Dans les affaires jointes T‑60/06 RENV II et T‑62/06 RENV II,
République italienne, représentée par Mme G. Palmieri, en qualité d’agent, assistée de M. G. Aiello, avvocato dello Stato,
Eurallumina SpA, établie à Portoscuso (Italie), représentée par Mme L. Martin Alegi, MM. R. Denton, A. Stratakis et Mme L. Philippou, solicitors,
parties requérantes,
contre
Commission européenne, représentée par MM. V. Di Bucci, N. Khan, G. Conte, D. Grespan et Mme K. Walkerová, en qualité d’agents,
partie défenderesse,
ayant pour objet une demande d’annulation de la décision 2006/323/CE de la Commission, du 7 décembre 2005, concernant l’exonération du droit d’accise sur les huiles minérales utilisées comme combustible pour la production d’alumine dans la région de Gardanne, dans la région du Shannon et en Sardaigne, mise en œuvre respectivement par la France, l’Irlande et l’Italie (JO 2006, L 119, p. 12), pour autant que celle-ci constate l’existence d’une aide d’État accordée par la République italienne, entre le 3 février 2002 et le 31 décembre 2003, sur le fondement de l’exonération du droit d’accise sur les huiles minérales utilisées comme combustible pour la production d’alumine en Sardaigne (Italie) et qu’elle ordonne à la République italienne de récupérer ladite aide,
LE TRIBUNAL (première chambre élargie),
composé de M. H. Kanninen, président, Mme I. Pelikánová (rapporteur), MM. E. Buttigieg, S. Gervasoni et L. Madise, juges,
greffier : M. J. Palacio González, administrateur principal,
vu la procédure écrite et à la suite de l’audience du 6 mars 2015,
rend le présent
Arrêt
Antécédents du litige
L’exonération litigieuse
1 L’alumine (ou oxyde d’aluminium) est une poudre blanche principalement utilisée dans les fonderies pour produire de l’aluminium. Elle est extraite de la bauxite par un procédé de raffinage dont la dernière étape est la calcination. L’alumine calcinée est utilisée à plus de 90 % pour la fusion de l’aluminium. Le reste est soumis à de nouvelles transformations et est utilisé dans des applications chimiques. Il existe deux marchés de produits distincts, à savoir celui de l’alumine métallurgique et celui de l’alumine chimique. Des huiles minérales peuvent être utilisées comme combustible pour la production d’alumine.
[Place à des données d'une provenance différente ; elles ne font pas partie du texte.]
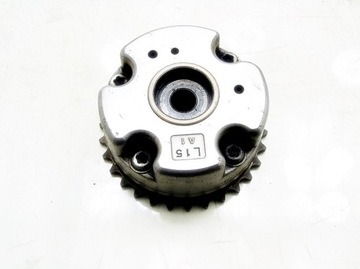 Phase control cf. 07l109083d audi 5.2 v10 a6 c6 s6, фото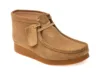 Ghete CLARKS maro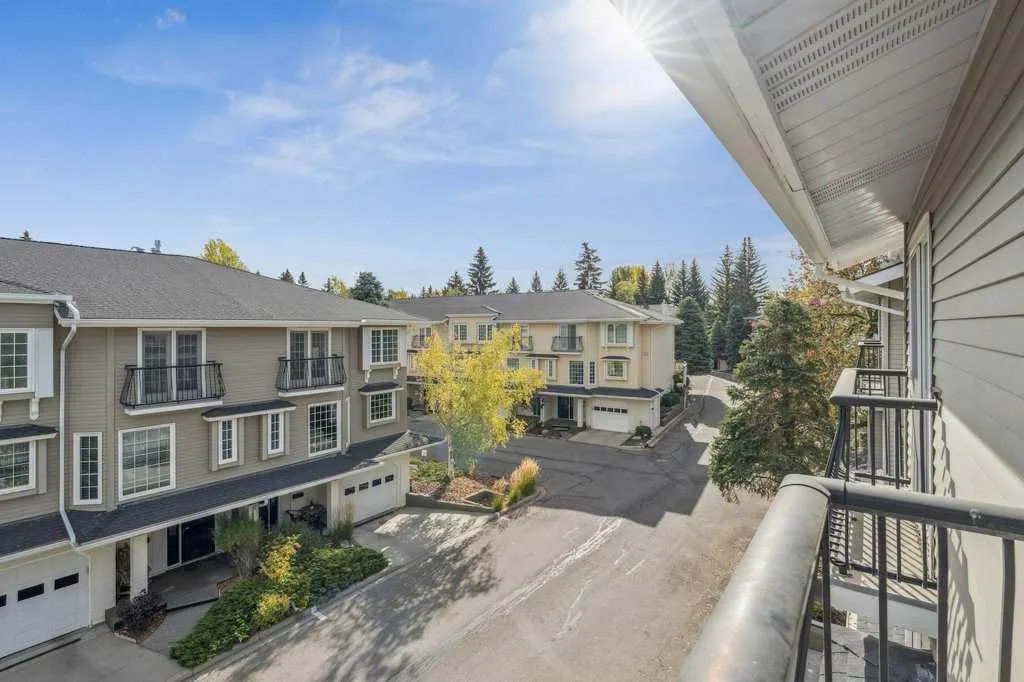 3437 42 Street NW, #147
2 Il n’y a qu’un seul producteur d’alumine en Irlande, un seul en Italie et un seul en France. Il s’agit, en Italie, d’Eurallumina SpA, établie en Sardaigne. Des producteurs d’alumine sont également présents en Allemagne, en Espagne, en Grèce, en Hongrie et au Royaume-Uni.
3 Depuis 1993, la République italienne exonère de droit d’accise les huiles minérales utilisées comme combustible pour la production d’alumine en Sardaigne (ci-après l’« exonération litigieuse »). L’exonération litigieuse a été introduite en droit italien par le decreto legislativo 26 ottobre 1995, n° 504, testo unico delle disposizioni legislative concernenti le imposte sulla produzione e sui consumi e relative sanzioni penale e amministrative (décret législatif n° 504, du 26 octobre 1995, portant texte unique des dispositions législatives relatives aux taxes sur la production, la consommation et les sanctions pénales et administratives en la matière, supplément ordinaire à la GURI n° 279, du 29 novembre 1995, ci-après le « décret législatif de 1995 »).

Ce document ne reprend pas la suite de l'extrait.